# Shop bult router lift



## FirewoodMaker (Apr 27, 2011)

I am in the process of drawing up plans for a new (replacement) table. Approximately 10 years ago I had found a plan to a router lift that was really simple and easy to build. I built it and love it but now can not find the plans I used. It is a "L" shaped arm, the lower end of the "L" that pushes up on the bottom of the router and the upper leg is attached to a threaded rod which exits out the side of the cabinet. This rod allows for adjusting the height of the bit without standing on your head or lifting the top of the table up. Hopefully someone can make sense of this and knows where to find these plans. If needed I can take a photo of what I now have and want to replace.
Thanks,


----------



## mpbc48 (Sep 17, 2010)

Hi Ken,

Is there any reason you cannot take apart the one you have and use it as a pattern?

Mike


----------



## Nono Bad Dog (Apr 26, 2011)

I am not sure if this is exactly what you are talking about but it might be worth looking at. Do a search on google for router lift. I found a good one that looks kind of like that on American Woodworker.


----------



## Nono Bad Dog (Apr 26, 2011)

I would post the link but I am limited since I don't have ten posts on this site. Sorry


----------



## gav (Oct 12, 2009)

Maybe this one.


----------



## Santé (Jan 14, 2010)

Hi Firewoodmaker,

You can find plans of mine at this adress: http://www.lescopeaux.asso.fr/Techniques/clic.php3?url=Docs/Sante_Ascenseur_Defonceuse.pdf

Cheers
Daniel


----------



## LinuxRandal (Mar 11, 2011)

I also like to look at them on YouTube. (idea's and links)
I was going to build, except all my overtime bought mine at the time.


----------



## bobj3 (Jan 17, 2006)

HI Ken

Not to sure why you want to make one when you can get one for about the same price ,that you will put into it and it will work every time ...if you want to use one get one made in the KISS way of doing it..

Router Raizer

======



FirewoodMaker said:


> I am in the process of drawing up plans for a new (replacement) table.
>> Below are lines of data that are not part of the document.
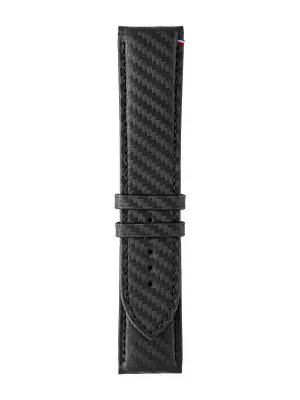Bracelet HD1CO cuir véritable noir frappé carbone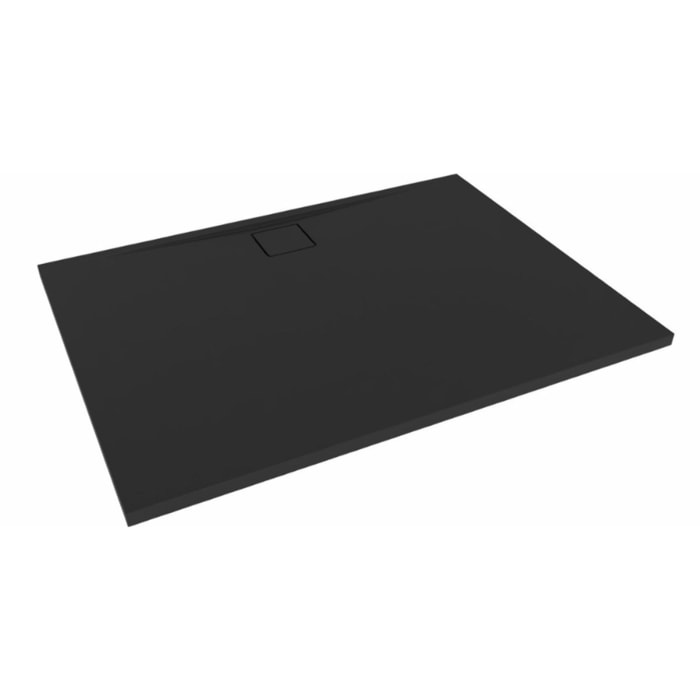Vision Receveur de douche 120x90cm + Siphon Eslim90. Marbre coulé, noir (SATSVVI12090C-S)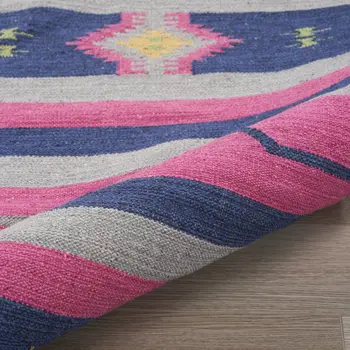 8' Pink And Blue Southwestern Handmade Runner Rug With Fringe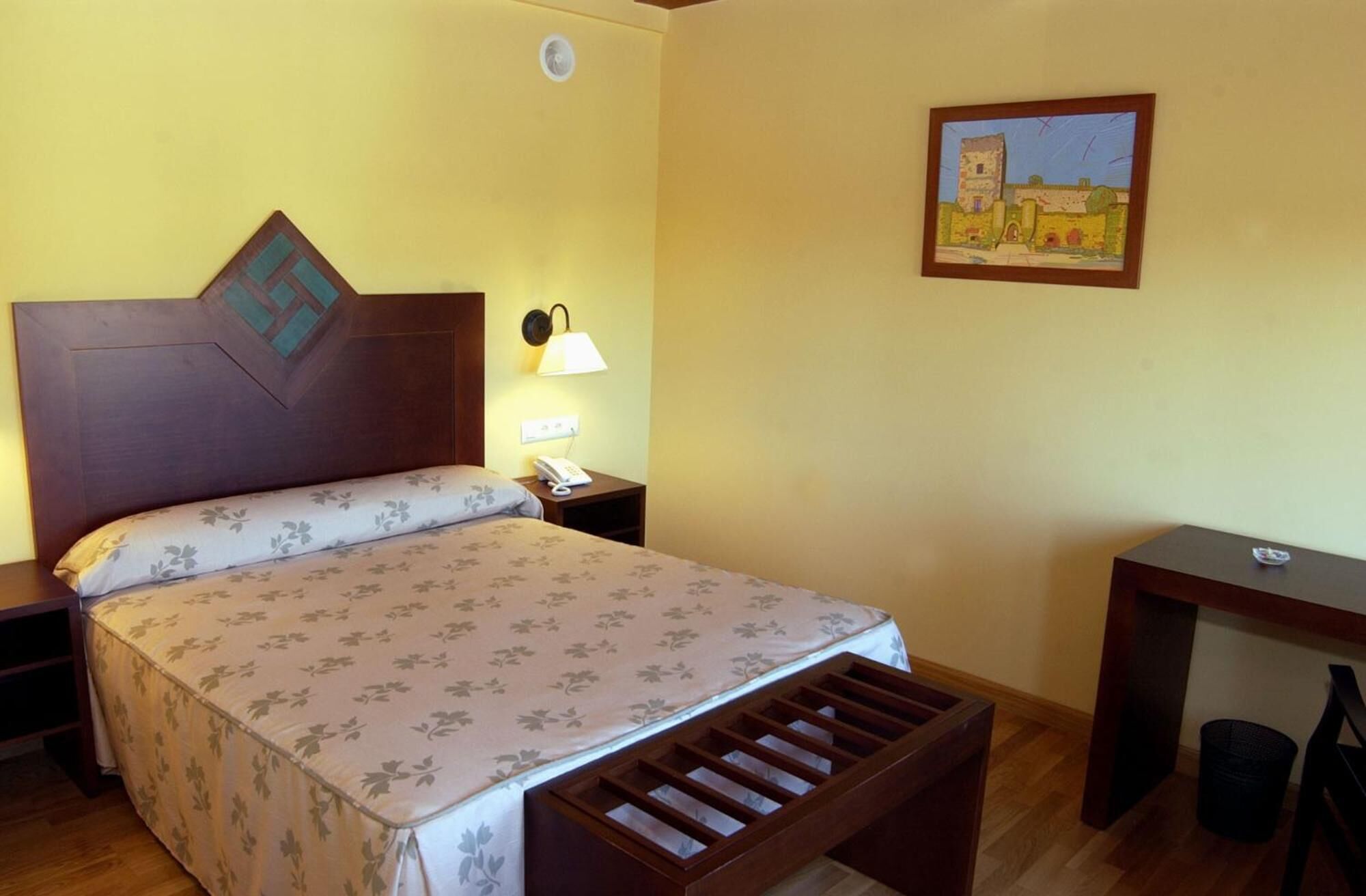 A hotel room with a bed, bedside table with a lamp, a desk, and a trash bin.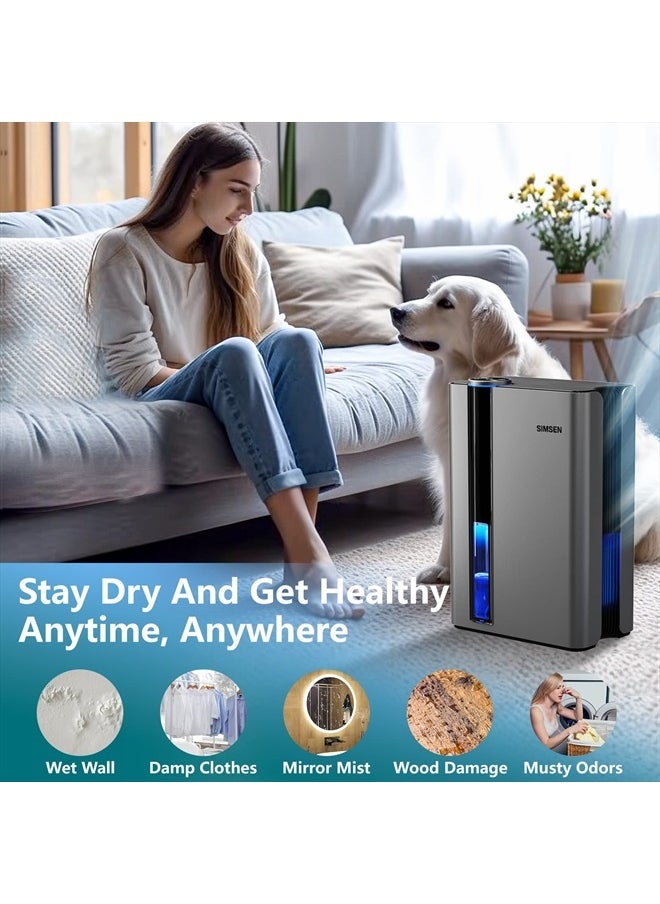 Simsen - SIMSEN 95oz Dehumidifiers for Home, 800 sq ft Quiet Dehumidifier with Reusable Filter and Ionizer, Small Dehumidifier with Drain Hose, Dehumidifiers for Bedroom Bathroom Basements Closet RV - Image 1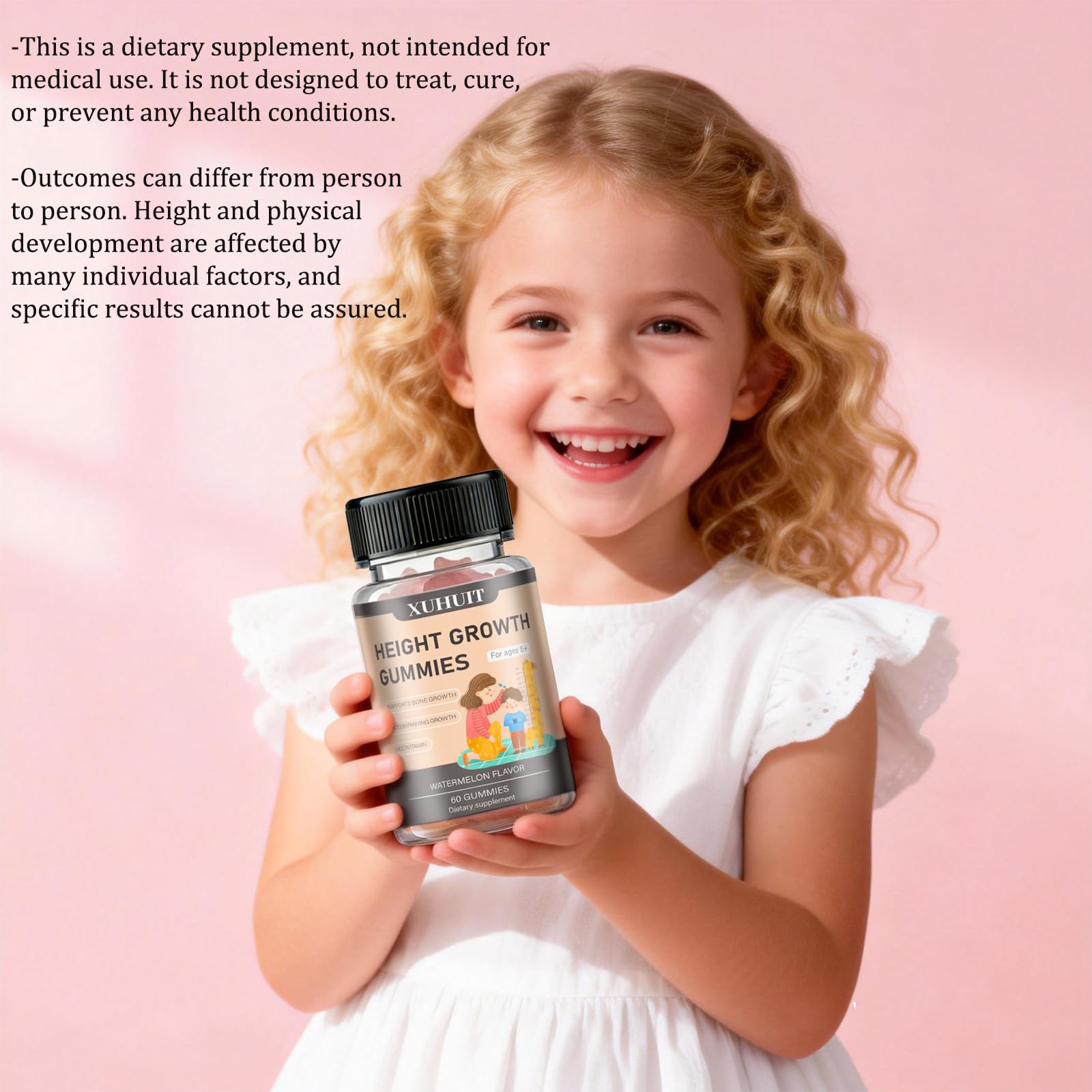 ZYGCDZ Growth Gummies for Kids & Teens - Natural Height Support with Vitamin D3, K2, Calcium & Ashwagandha - Bone Strength Supplement for Picky Eaters Ages 5+ (Watermelon Flavor) (1) - dailyvitalstore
Approximately 10 years ago I had found a plan to a router lift that was really simple and easy to build. I built it and love it but now can not find the plans I used. It is a "L" shaped arm, the lower end of the "L" that pushes up on the bottom of the router and the upper leg is attached to a threaded rod which exits out the side of the cabinet. This rod allows for adjusting the height of the bit without standing on your head or lifting the top of the table up. Hopefully someone can make sense of this and knows where to find these plans. If needed I can take a photo of what I now have and want to replace.
> Thanks,


----------



## FirewoodMaker (Apr 27, 2011)

Yes, that is to simple and I was hoping to use the existing table until the new one is built. Thanks for the obvius!!


----------



## FirewoodMaker (Apr 27, 2011)

Bob,
Part of the reasoning behind building versus buying, is I am currently unemployed, aka no extra funds, I have the materials that are needed and the one I am referring to has the the adjustment wheel on the side extending to the exterior of the cabinet. I have pondered buying a commercial unit but I do not like the adjustment through the top of the table.
Ken


----------



## Cassandra (Mar 15, 2006)

Bob:

Some of us love to build things, to make things, to be creative. Sure, anyone with money can buy a router lift, but where is the pleasure of making something in the buying process? 

To each, his or her own.

Cassandra


----------



## bobj3 (Jan 17, 2006)

Hi Cassandra

True  but the bottom line will always win out the norm for me, no need to reinvent the wheel,,,  just use a part or two from it..to get the same job done..just some all thread rod and a rod nut will get the job done, easy stuff..and cheap...like they keep in the KISS way..than you will use it ,other than one more door stop. 

===



Cassandra said:


> Bob:
> 
> Some of us love to build things, to make things, to be creative. Sure, anyone with money can buy a router lift, but where is the pleasure of making something in the buying process?
> 
> ...


----------



## Cassandra (Mar 15, 2006)

bobj3 said:


> Hi Cassandra
> 
> True  but the bottom line will always win out the norm for me, no need to reinvent the wheel,,,
> ===


Yes, the almighty buck can be a persuasive motivator. However, it isn't with me. 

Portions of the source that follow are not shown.